**Data for this exercise**
+++

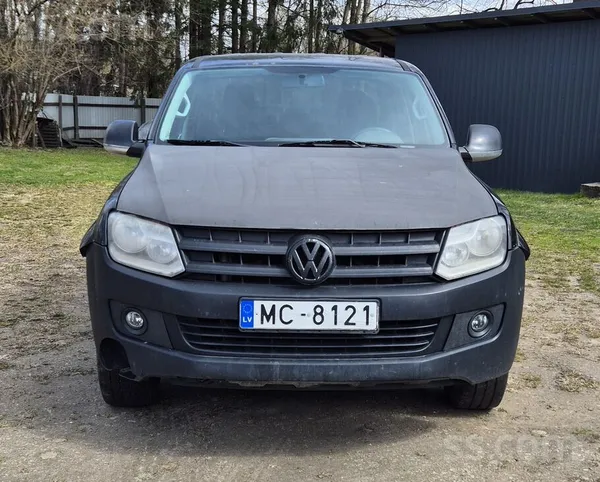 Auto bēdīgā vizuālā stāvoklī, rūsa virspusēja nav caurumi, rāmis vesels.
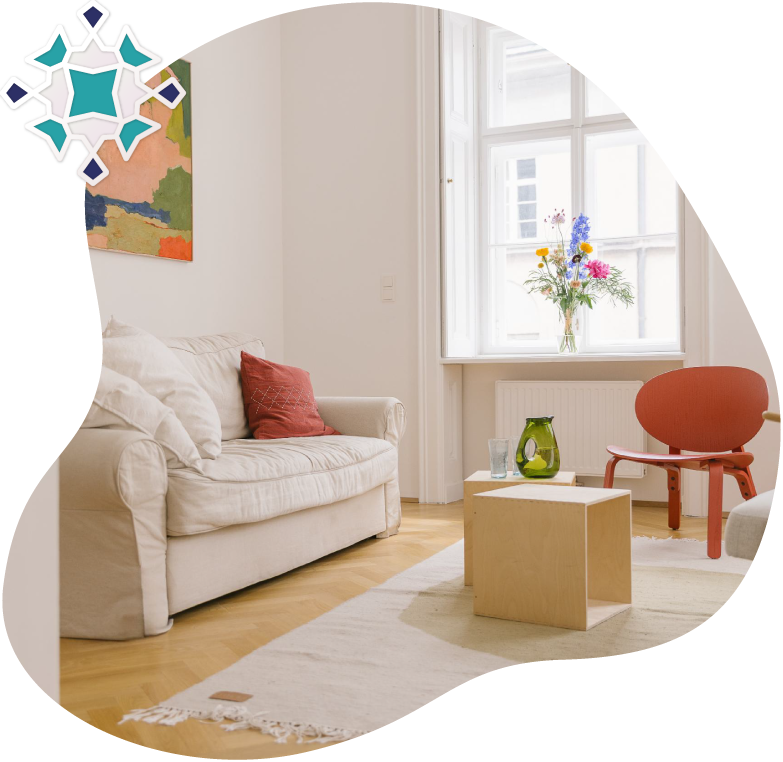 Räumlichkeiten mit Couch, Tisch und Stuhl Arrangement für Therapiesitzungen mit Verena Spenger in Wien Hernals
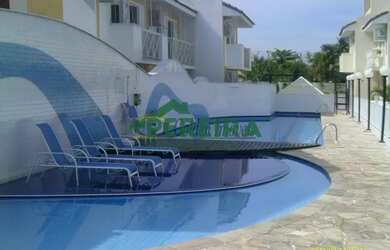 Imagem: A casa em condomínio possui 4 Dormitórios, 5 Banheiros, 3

+++

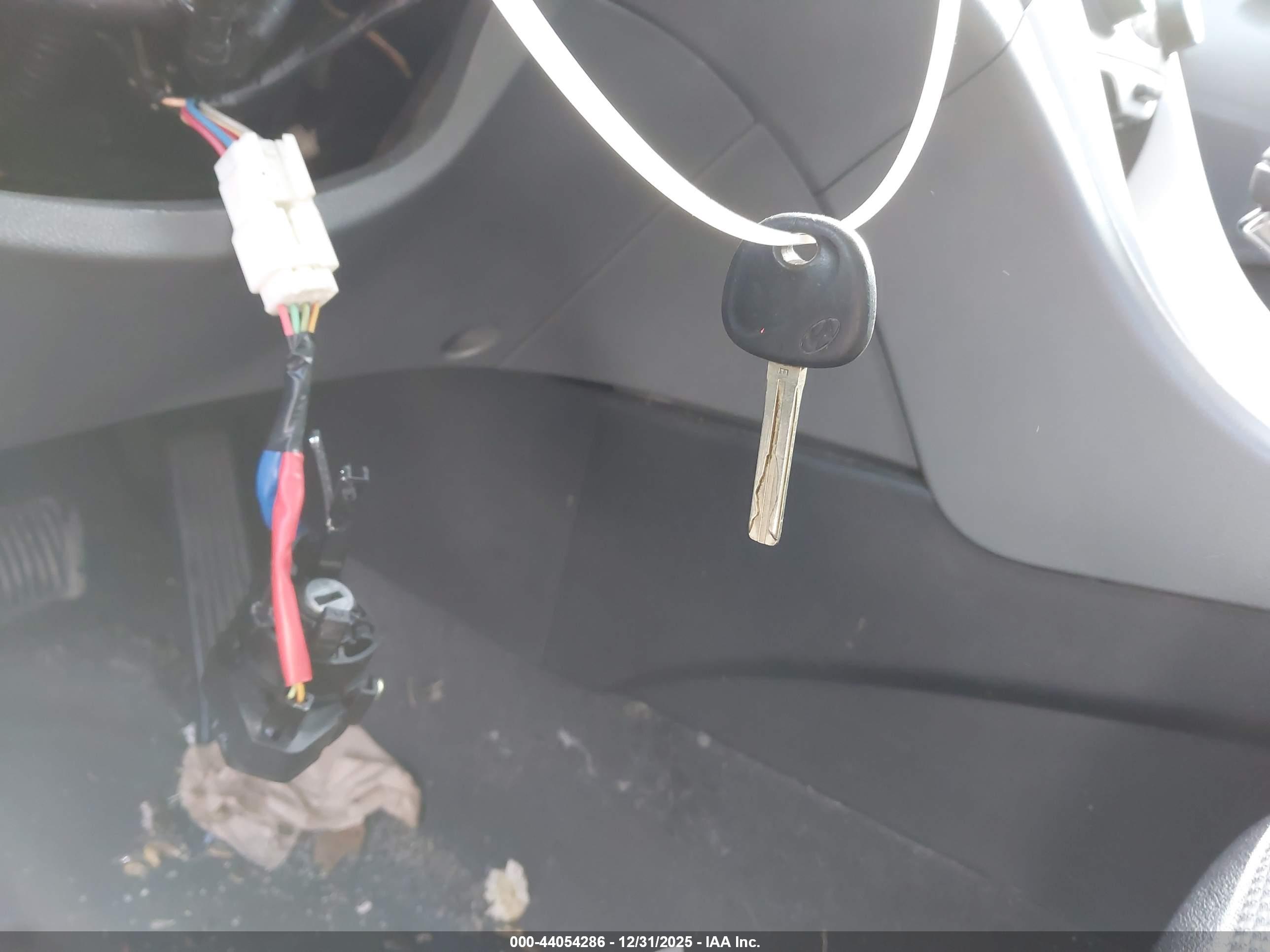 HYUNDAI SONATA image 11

+++

**The problem**
Your copy should hold the lines from the one with "Auto bēdīgā vizuālā" up to and including the one with "Imagem: A casa", exactly as in the data above, and no pictures.

**Exercise output**
 Auto bēdīgā vizuālā stāvoklī, rūsa virspusēja nav caurumi, rāmis vesels.
 Räumlichkeiten mit Couch, Tisch und Stuhl Arrangement für Therapiesitzungen mit Verena Spenger in Wien Hernals
 Imagem: A casa em condomínio possui 4 Dormitórios, 5 Banheiros, 3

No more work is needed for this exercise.